TASK OBJECTIVE: This task calls for the lines below starting at the one containing "Mixed-use building for rent - Photo 2 of 6" and ending at the one containing "1/24 Wizard in", repeated exactly with both ends kept and pictures left out.

INPUT FOR THIS TASK:

________________________________________

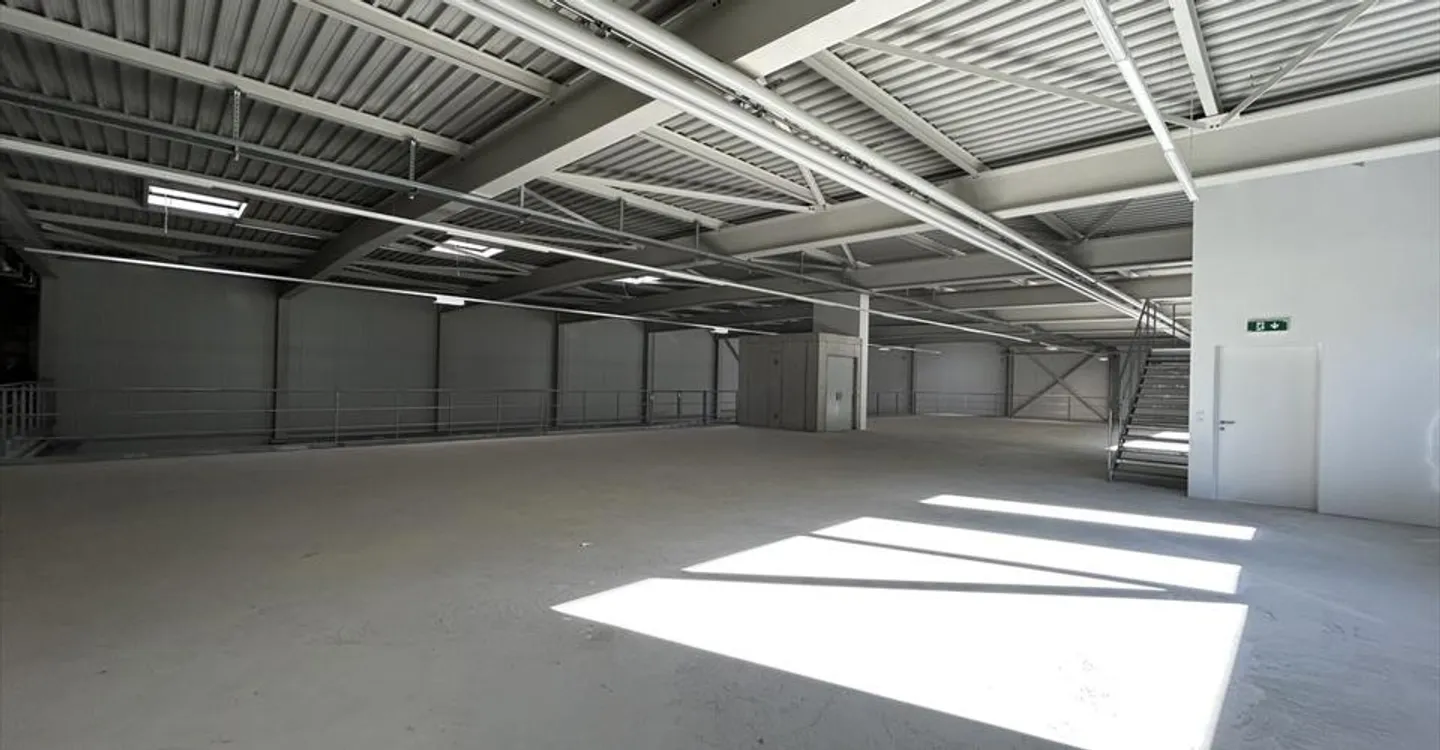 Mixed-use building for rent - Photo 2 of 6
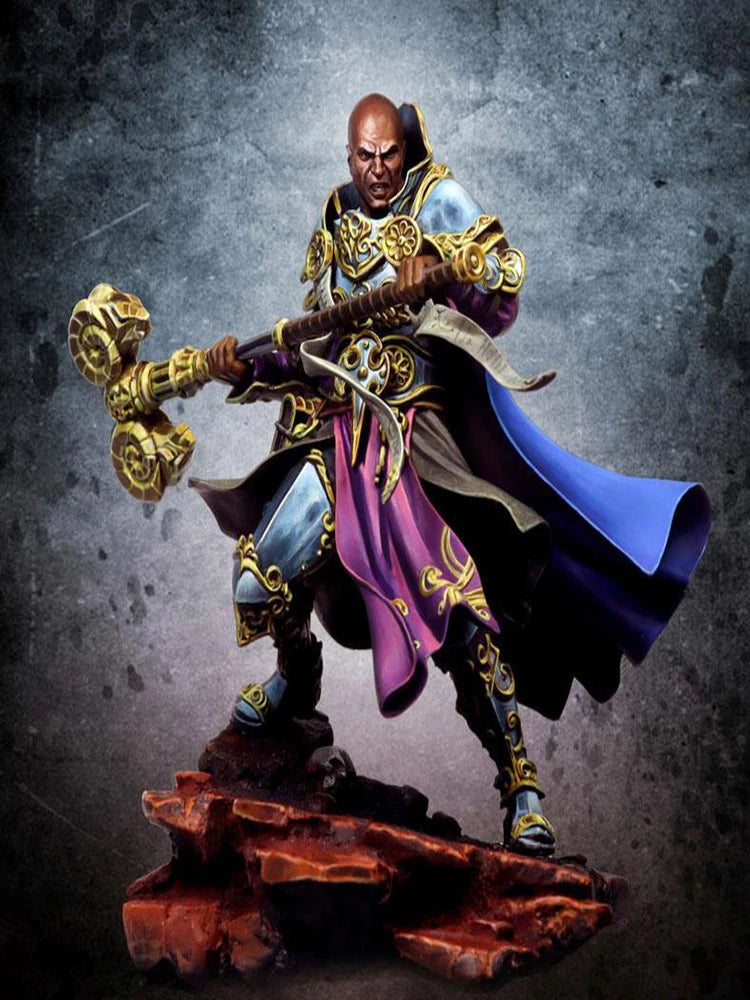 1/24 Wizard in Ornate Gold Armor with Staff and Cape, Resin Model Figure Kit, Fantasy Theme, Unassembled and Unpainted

________________________________________

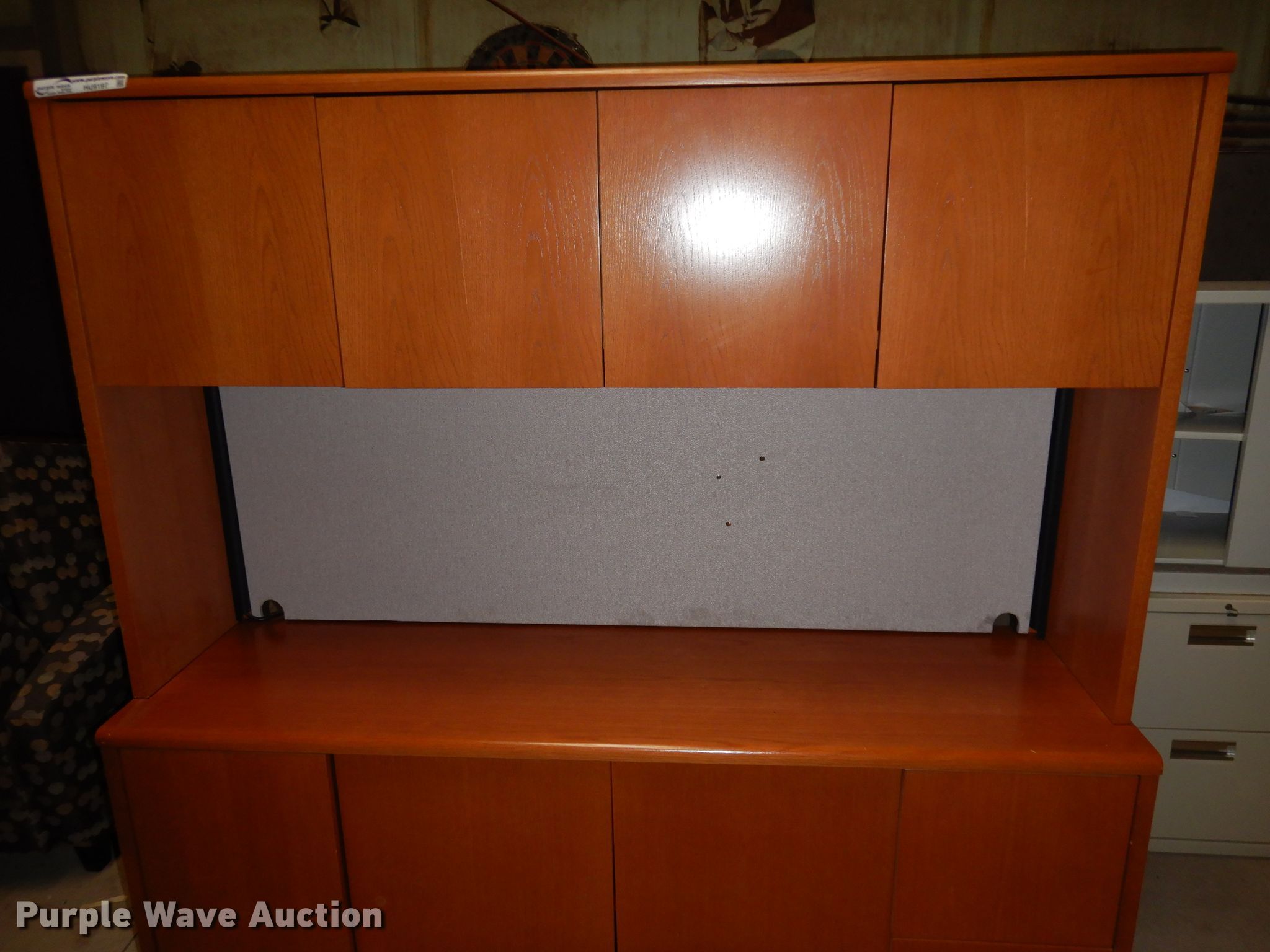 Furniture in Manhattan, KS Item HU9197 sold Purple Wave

________________________________________

REPLY TO THE TASK:
 Mixed-use building for rent - Photo 2 of 6
 1/24 Wizard in Ornate Gold Armor with Staff and Cape, Resin Model Figure Kit, Fantasy Theme, Unassembled and Unpainted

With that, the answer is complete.